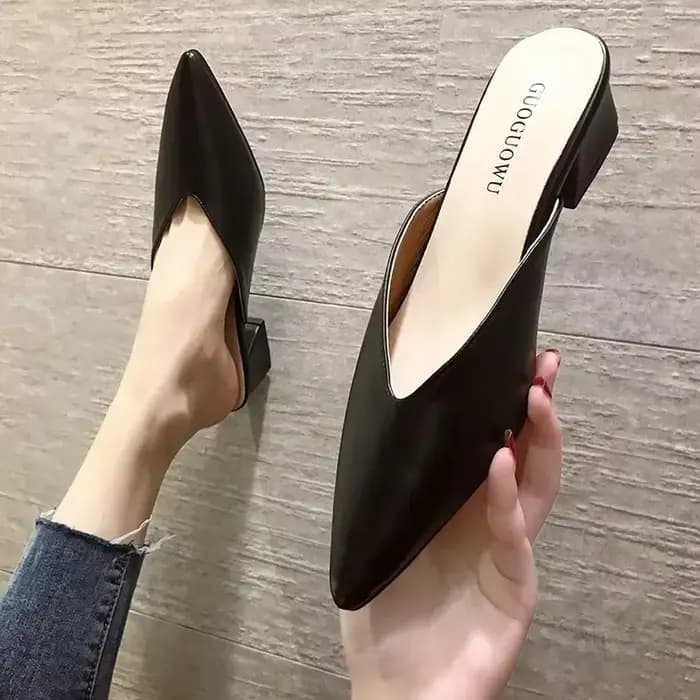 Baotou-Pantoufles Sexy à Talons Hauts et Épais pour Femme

◇ ◇ ◇

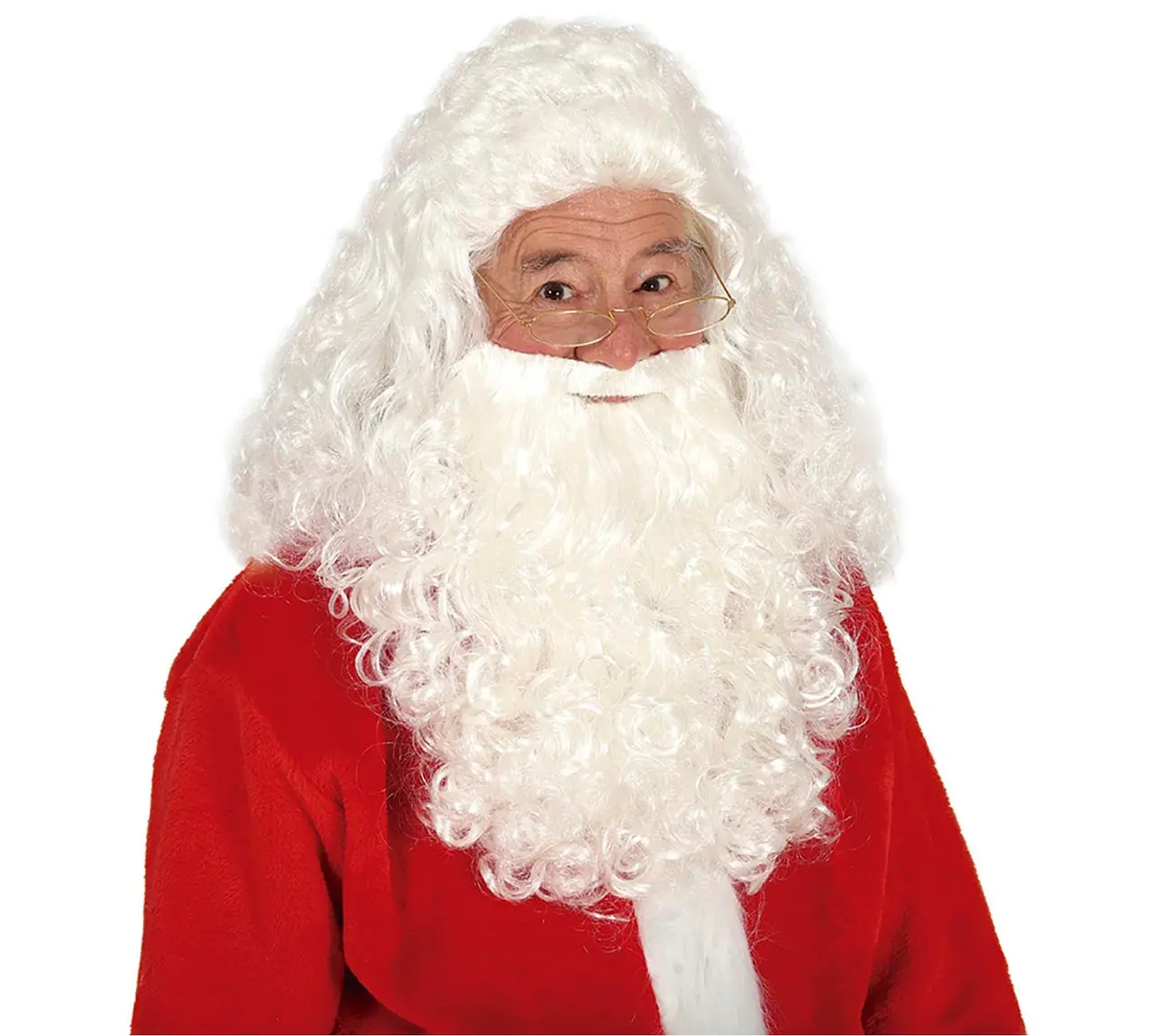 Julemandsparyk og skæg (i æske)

◇ ◇ ◇

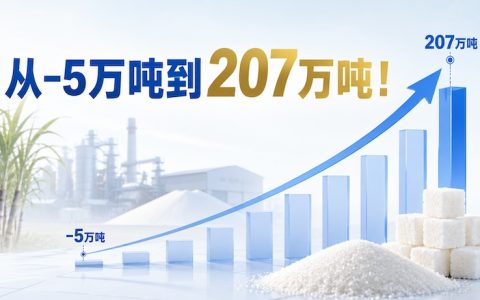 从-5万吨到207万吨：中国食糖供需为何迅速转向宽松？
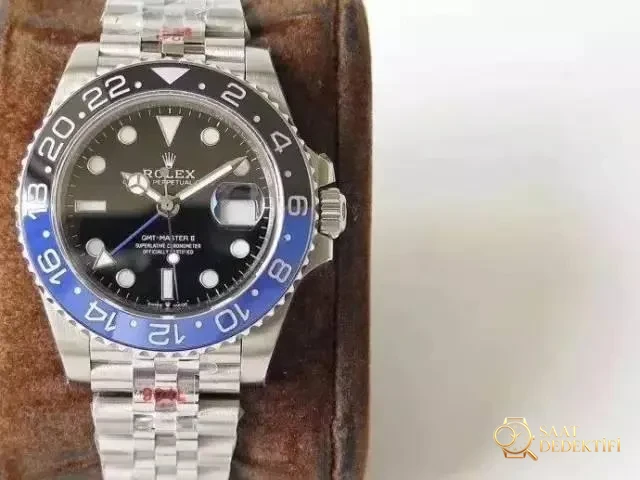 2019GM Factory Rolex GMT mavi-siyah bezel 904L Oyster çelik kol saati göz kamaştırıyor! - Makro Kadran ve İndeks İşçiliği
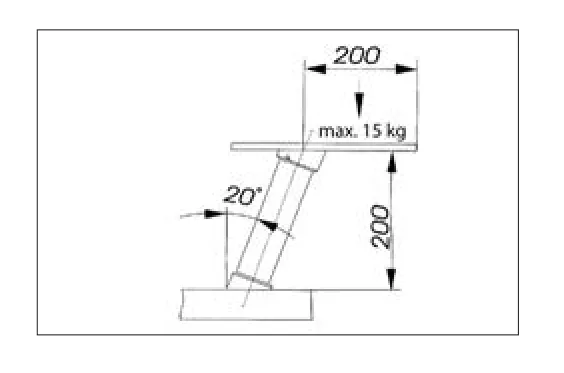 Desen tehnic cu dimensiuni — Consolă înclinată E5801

◇ ◇ ◇

EXERCISE OBJECTIVE
Leave out every picture, and copy exactly the lines above starting at the one holding "2019GM Factory Rolex" and ending at the one holding "Desen tehnic cu", no more and no less.

EXERCISE RESPONSE
 2019GM Factory Rolex GMT mavi-siyah bezel 904L Oyster çelik kol saati göz kamaştırıyor! - Makro Kadran ve İndeks İşçiliği
 Desen tehnic cu dimensiuni — Consolă înclinată E5801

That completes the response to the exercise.